You think Netflix knew “Squid Game” was going to become the biggest show in the world? Did Bravo know that when they ran that Atlanta-based spin-off of “Real Housewives of New York” that it would go on to overtake the original? Did Starz know that “Power” would yield four other shows that would go on to be drivers of success for the network? 

They couldn’t have. 

So instead, they just started somewhere. Typically, you start with the world building that will drive conversation. And then you hope it can become something bigger than you ever imagined. Or you go with the “always on” approach of a reality show or a procedural just to see how it might land. You never know, you may have the next “Law & Order”.

By starting in one of those two places, with increased development time and resources to achieve the acclaim you need, and a marketing and distribution strategy to get the show in front of the masses, you can maybe get people talking about the “King Content” show you’re trying to create. 

Checkmate or Stalemate? 

A king piece falling.

In the desire—hell, my desire—to build a modern day black entertainment platform, the writing is on the Nielsen Top 10 wall. While I love everything Tyler Perry is doing as a business man and a creative, his leading cable shows are not making the cultural impact that I think we want to see from the leading name in Black entertainment. 

Something more is needed. 

As I’ve alluded to, the Tyler Perry Cinematic Universe is a step in the right direction. Those shows are the foot soldiers (pawns) to a new paradigm, and with it, BET could possibly find itself in a good spot if they leverage that content and audience wisely. 

But if we want to see a Black platform have true impact, we must diversify our content even further. BET was at its peak culturally in the 90s when it was the place we turned to for music, original standup comedy, movies, and culturally relevant news and conversations. We need that. We need that unscripted content (the rooks) to be the anchor that keeps our traditional viewers where they are, and brings in digital viewers of various groups. 

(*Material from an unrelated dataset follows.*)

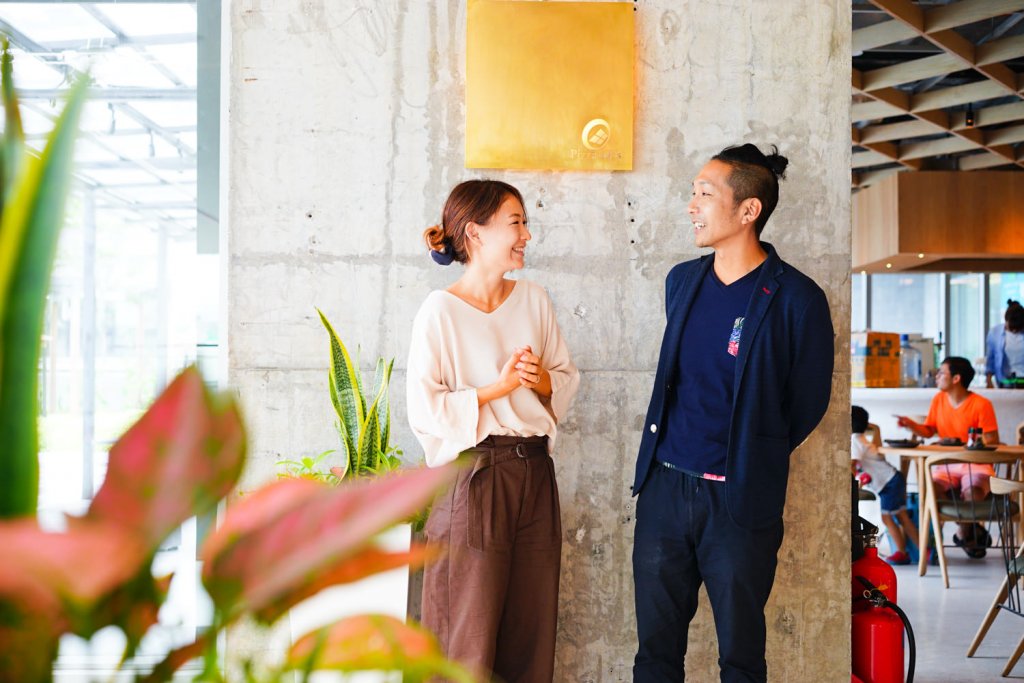 왼쪽이 타카스기 사나에씨, 오른쪽이 마스코 요스케씨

We need the targeted content (the knights) that speaks to the complexity of the Black audience. Gone are the days when “Family Matters” and “Hanging with Mr. Cooper” are enough for us. With so much content, TV and non-TV alike, to choose from, Black people, and all people, want to be spoken to—on their terms, and from the writers and creators that speak to them. 

We also need some of our shows to cross over into both traditional and digital audiences (bishops), and we need to put those shows in the right distribution and marketing channels (Queens) for them to succeed. 

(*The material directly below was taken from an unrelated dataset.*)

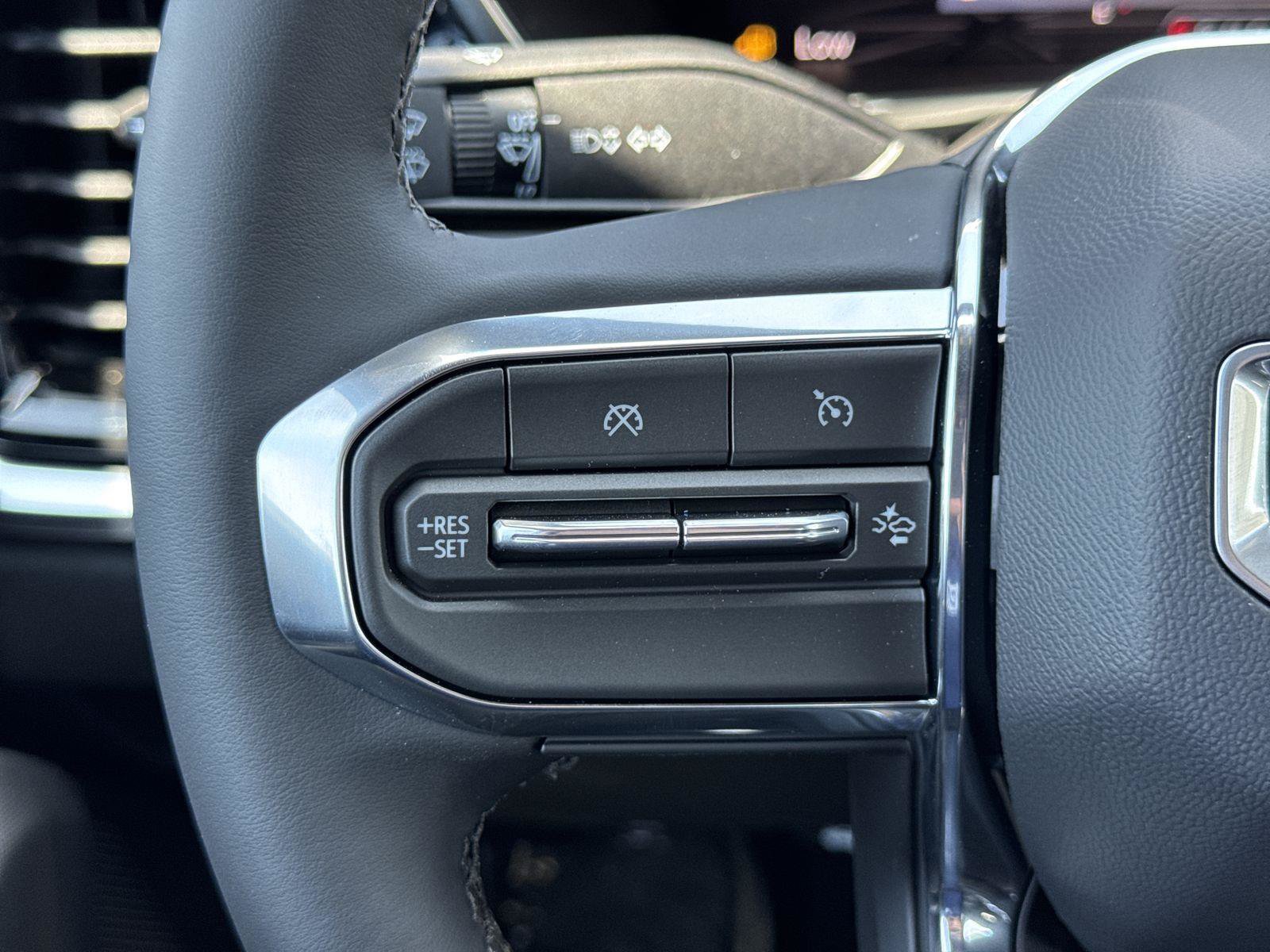 New 2026 GMC Canyon Elevation w/ LPO, Black Badging Package RWD image 9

Lastly, we really, really, really want, but maybe not need, our modern Black content platforms to give us those cultural game-changing shows (King Content) that sweep over the entire Black populace and capture the zeitgeist the way only a handful of shows are capable of doing. 

Today, that’s not BET.

And that is probably why it was up for sale this past summer. I don’t think Paramount has given them the capital nor the freedom to do what is needed to achieve the goals of a modern day Black content platform. That being said, no one else is doing this either. In fact, it has never been done. Today, there are only a handful of platforms that have captured the hearts and minds of any audience. There’s Netflix. There’s Disney—albeit, not profitably. There’s Crunchyroll—but only outside of Japan. And there’s ESPN in the world of sports. 

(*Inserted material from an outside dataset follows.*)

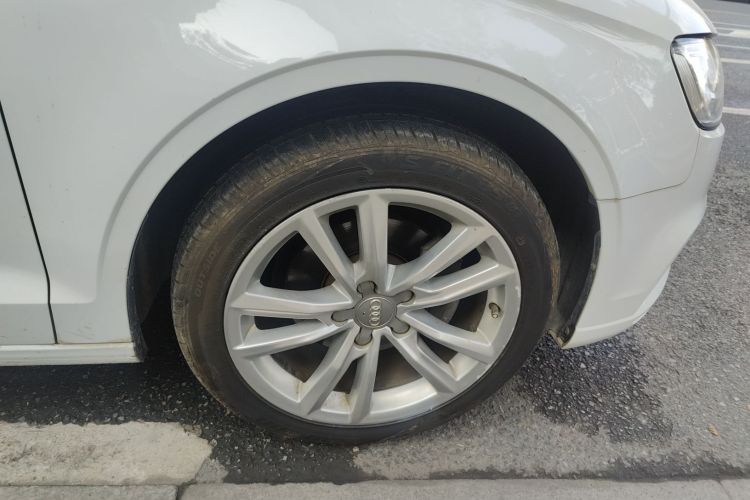 奥迪A3 2018款 30周年年型 Limousine 35 TFSI 进取型车身外观10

Thus for Black audiences, there’s still a platform to be built. Whether BET will be able to do it under its current corporate structure remains to be seen. And while what we’re trying to do at BlackOakTV is full of promise, we too need much more investment if we are going to become THE platform for Black audiences. 

But the chess board is out there, and I’ve laid out the strategy (or at least parts of it). It’s time for someone to build the Black entertainment platform of the future, because these chess pieces have been moved around a lot, and generations of Black viewers are facing a stalemate if someone doesn’t make the right moves.